White to move
This position is problem number 1 is Fred Reinfeld, 1001 Winning Chess Sacrifices and Combinations (1955). This text is generally available for approximately $10. My copy is beginning to fall apart, and I may replace it. The principal difficulty young students would have in learning from it stems from descriptive notation. Algebraic is far simpler to master for the nine year old student, and is the notation system universally taught. Descriptive notation is worth learning because it provides access to many older texts, such as the exceptional checkmate manual, Georges Renaud and Victor Kahn, The Art of the Checkmate (1953). Reinfeld's text offers a one page explanation of descriptive notation in the front matter.
Reinfeld's text contains errors, but far fewer than will be evident in every book written by Bruce Pandolfini or by Eric Schiller. Reinfeld worked in an era before computers, checked his work carefully, and made a few errors in assessment. Pandolfini's work appears rushed into print without proper editing. Even so, I find that Pandolfini's Endgame Course (1988) is a highly instructive text for scholastic players.
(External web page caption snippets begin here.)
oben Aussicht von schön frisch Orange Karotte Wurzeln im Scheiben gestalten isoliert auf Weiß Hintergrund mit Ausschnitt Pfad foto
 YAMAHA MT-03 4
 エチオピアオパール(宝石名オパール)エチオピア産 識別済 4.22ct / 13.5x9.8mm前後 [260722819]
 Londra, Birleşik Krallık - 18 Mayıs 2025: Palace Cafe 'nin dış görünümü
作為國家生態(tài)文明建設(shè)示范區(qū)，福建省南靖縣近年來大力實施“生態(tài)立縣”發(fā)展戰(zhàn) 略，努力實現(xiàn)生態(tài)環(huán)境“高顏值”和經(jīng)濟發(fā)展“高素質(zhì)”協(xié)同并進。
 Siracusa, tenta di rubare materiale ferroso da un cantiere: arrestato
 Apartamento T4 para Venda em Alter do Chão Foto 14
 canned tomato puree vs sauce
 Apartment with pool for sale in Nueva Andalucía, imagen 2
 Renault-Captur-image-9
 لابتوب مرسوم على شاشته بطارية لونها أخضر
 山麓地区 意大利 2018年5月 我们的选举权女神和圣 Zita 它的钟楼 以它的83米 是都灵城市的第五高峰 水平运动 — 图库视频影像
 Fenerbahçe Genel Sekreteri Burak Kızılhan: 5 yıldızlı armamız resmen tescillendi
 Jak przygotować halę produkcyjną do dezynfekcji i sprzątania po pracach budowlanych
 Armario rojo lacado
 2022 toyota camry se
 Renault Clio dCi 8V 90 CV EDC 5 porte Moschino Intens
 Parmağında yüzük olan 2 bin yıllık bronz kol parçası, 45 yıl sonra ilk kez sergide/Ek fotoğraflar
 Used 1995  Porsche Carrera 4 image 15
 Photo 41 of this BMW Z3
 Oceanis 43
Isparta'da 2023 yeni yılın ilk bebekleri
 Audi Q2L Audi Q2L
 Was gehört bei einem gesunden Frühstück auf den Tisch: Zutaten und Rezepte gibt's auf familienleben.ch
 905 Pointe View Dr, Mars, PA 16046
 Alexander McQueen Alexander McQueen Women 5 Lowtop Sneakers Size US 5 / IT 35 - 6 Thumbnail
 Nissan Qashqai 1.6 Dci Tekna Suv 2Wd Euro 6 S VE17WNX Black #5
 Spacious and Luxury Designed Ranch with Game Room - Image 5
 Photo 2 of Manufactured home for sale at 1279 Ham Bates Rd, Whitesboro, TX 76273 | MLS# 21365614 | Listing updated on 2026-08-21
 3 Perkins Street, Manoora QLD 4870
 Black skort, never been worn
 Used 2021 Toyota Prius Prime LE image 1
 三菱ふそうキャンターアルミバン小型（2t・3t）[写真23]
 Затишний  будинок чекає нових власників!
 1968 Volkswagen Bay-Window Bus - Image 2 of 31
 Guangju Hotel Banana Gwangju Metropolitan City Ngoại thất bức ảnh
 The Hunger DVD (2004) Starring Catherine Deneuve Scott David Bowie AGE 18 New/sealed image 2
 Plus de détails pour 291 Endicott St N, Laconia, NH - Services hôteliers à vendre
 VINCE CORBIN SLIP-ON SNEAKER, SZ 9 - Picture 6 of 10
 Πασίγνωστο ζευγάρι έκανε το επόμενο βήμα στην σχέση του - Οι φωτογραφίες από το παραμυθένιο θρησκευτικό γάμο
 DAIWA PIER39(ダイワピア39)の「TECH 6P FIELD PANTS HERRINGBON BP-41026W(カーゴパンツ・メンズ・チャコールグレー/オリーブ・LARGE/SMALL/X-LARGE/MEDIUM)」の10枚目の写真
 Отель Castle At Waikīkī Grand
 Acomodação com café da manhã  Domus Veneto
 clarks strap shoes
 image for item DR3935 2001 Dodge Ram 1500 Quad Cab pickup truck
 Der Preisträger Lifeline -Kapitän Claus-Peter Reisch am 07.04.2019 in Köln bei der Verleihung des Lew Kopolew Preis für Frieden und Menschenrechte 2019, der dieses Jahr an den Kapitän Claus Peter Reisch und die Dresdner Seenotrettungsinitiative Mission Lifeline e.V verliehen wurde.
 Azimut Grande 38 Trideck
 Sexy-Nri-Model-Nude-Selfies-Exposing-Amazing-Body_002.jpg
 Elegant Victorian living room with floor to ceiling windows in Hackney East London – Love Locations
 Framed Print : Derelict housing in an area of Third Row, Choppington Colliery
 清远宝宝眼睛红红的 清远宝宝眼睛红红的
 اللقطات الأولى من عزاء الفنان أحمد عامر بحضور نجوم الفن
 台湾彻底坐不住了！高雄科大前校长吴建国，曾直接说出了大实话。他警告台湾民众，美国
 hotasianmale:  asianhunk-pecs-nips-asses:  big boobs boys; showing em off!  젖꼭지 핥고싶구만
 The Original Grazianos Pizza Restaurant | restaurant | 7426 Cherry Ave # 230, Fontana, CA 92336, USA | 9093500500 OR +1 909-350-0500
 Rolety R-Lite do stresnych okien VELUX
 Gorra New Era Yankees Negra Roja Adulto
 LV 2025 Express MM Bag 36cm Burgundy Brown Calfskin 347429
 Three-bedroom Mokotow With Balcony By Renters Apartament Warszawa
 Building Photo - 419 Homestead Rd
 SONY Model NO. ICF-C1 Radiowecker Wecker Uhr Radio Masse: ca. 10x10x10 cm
If I could give every child this text after his or her first tournament, and they could be induced to spend one hour per week studying it, skills would improve rapidly. Reinfeld's text is less elementary, focuses on middlegame tactics, rather than basic checkmates, and should be listed in every state qualifier's letter to Santa.
Reinfeld does not present his sources, but the position comes from Yanofsky -- Aitken, Hastings 1946. Yanofsky made the correct move and Aitken resigned.